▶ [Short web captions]
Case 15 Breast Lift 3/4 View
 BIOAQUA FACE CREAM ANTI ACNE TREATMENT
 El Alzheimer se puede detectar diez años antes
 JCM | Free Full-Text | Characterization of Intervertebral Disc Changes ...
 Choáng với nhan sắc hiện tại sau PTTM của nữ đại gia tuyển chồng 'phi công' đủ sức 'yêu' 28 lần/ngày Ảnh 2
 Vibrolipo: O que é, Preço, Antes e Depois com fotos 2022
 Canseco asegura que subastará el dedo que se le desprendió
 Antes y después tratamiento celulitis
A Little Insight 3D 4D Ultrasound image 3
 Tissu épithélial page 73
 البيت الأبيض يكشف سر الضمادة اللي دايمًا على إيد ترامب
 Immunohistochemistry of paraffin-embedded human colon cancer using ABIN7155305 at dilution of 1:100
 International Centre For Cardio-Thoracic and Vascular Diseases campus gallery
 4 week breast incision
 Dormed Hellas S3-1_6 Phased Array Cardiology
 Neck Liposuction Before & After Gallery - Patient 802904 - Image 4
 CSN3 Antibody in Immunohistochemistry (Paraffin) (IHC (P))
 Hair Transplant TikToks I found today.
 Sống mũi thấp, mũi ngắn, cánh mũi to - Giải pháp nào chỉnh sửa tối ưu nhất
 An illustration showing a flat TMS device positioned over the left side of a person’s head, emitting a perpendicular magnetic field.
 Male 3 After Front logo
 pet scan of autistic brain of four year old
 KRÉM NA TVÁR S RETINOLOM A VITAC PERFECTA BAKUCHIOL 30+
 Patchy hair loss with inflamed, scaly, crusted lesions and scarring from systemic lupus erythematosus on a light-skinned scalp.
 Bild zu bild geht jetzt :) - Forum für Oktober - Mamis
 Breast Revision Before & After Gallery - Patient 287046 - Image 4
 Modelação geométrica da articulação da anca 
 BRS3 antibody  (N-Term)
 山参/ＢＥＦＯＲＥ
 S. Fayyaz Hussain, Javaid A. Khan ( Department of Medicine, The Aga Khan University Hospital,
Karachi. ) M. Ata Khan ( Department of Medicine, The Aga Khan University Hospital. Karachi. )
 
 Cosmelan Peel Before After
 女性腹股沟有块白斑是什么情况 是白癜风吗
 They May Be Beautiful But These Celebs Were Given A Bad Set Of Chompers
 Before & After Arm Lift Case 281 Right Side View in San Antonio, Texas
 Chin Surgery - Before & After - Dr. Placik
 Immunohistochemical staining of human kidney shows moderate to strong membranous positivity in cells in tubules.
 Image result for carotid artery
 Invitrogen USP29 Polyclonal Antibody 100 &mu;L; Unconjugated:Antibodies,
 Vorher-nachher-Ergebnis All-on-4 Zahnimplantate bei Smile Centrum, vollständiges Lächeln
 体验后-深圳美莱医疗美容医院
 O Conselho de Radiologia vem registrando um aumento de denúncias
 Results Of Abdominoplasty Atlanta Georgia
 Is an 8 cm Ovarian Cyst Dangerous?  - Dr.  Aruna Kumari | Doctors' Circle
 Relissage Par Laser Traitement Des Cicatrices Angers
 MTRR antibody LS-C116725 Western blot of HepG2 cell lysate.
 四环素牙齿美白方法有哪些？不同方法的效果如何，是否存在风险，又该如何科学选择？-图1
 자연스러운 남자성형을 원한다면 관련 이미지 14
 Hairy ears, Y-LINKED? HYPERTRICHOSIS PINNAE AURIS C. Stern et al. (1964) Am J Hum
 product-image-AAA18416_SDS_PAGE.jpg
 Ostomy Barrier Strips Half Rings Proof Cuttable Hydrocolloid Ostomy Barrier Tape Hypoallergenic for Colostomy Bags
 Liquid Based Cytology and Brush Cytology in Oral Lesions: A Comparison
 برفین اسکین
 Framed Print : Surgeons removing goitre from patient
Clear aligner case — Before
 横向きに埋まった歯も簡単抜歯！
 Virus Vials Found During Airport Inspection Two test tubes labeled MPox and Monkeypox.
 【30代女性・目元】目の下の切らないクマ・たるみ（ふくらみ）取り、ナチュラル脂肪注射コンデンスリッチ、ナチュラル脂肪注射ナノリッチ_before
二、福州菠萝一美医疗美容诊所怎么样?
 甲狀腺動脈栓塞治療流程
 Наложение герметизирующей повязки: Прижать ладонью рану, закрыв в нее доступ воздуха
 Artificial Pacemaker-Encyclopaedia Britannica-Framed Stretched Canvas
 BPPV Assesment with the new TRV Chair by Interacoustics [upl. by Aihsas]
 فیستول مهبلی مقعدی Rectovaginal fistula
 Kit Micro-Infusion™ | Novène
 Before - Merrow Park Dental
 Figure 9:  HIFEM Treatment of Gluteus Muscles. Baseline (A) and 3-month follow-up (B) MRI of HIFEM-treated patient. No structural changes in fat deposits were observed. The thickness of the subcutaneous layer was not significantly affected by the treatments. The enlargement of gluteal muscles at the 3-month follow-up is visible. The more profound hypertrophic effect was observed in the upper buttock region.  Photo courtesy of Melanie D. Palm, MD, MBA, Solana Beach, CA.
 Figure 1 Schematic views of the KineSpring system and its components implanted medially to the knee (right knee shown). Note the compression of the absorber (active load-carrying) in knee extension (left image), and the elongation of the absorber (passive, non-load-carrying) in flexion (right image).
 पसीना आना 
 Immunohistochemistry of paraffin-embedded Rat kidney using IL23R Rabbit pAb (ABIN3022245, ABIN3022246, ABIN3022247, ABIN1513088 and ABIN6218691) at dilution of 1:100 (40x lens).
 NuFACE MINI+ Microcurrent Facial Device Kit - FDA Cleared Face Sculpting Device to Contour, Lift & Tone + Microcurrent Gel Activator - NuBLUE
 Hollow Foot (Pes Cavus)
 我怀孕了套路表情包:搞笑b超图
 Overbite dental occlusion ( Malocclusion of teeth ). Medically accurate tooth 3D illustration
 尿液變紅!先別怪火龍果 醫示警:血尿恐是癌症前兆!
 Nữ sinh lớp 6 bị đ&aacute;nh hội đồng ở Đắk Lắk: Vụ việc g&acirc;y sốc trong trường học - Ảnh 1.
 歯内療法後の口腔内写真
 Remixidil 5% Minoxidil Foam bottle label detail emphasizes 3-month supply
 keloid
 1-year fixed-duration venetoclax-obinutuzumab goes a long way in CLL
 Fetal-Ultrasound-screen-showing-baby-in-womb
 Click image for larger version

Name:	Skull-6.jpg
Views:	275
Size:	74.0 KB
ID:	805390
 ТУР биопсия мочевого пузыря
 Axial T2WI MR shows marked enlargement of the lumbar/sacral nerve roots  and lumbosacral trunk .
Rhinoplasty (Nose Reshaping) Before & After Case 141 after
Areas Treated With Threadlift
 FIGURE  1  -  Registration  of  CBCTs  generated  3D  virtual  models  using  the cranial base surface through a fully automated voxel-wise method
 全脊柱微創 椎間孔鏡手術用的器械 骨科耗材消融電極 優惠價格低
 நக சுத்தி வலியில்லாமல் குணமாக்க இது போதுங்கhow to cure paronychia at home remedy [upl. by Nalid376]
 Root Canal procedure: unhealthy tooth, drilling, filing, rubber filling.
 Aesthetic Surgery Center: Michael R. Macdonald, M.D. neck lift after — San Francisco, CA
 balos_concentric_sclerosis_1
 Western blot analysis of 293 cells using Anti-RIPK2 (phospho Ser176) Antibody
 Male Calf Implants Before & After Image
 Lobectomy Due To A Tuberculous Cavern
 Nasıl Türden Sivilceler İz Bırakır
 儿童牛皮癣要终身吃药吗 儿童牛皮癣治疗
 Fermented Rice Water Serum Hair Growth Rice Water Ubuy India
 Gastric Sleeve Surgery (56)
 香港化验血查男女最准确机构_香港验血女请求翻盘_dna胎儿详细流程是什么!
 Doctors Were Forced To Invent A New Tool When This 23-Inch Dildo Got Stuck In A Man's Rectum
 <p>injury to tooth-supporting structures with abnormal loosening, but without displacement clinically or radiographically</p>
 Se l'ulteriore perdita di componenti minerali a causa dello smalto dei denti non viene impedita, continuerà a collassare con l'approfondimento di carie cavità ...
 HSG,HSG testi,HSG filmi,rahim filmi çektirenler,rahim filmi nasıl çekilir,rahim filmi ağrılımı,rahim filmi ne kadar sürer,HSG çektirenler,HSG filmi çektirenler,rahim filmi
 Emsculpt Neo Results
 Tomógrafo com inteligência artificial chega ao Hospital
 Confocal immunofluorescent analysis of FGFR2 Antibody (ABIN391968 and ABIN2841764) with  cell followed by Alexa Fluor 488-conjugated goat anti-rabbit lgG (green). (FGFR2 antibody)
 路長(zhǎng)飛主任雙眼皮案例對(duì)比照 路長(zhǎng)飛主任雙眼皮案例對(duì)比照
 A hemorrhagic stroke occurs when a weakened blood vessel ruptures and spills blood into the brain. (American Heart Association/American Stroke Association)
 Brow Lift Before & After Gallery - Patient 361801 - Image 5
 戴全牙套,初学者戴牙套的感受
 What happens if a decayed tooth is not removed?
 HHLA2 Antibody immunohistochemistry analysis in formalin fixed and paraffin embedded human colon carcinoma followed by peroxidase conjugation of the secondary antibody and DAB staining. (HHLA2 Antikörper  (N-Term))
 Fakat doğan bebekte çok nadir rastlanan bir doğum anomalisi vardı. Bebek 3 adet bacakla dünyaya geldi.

▶ [Your goal] From the data, collect all lines where the string "colon" appears.

▶ [Output of the exercise]
 Immunohistochemistry of paraffin-embedded human colon cancer using ABIN7155305 at dilution of 1:100
 HHLA2 Antibody immunohistochemistry analysis in formalin fixed and paraffin embedded human colon carcinoma followed by peroxidase conjugation of the secondary antibody and DAB staining. (HHLA2 Antikörper  (N-Term))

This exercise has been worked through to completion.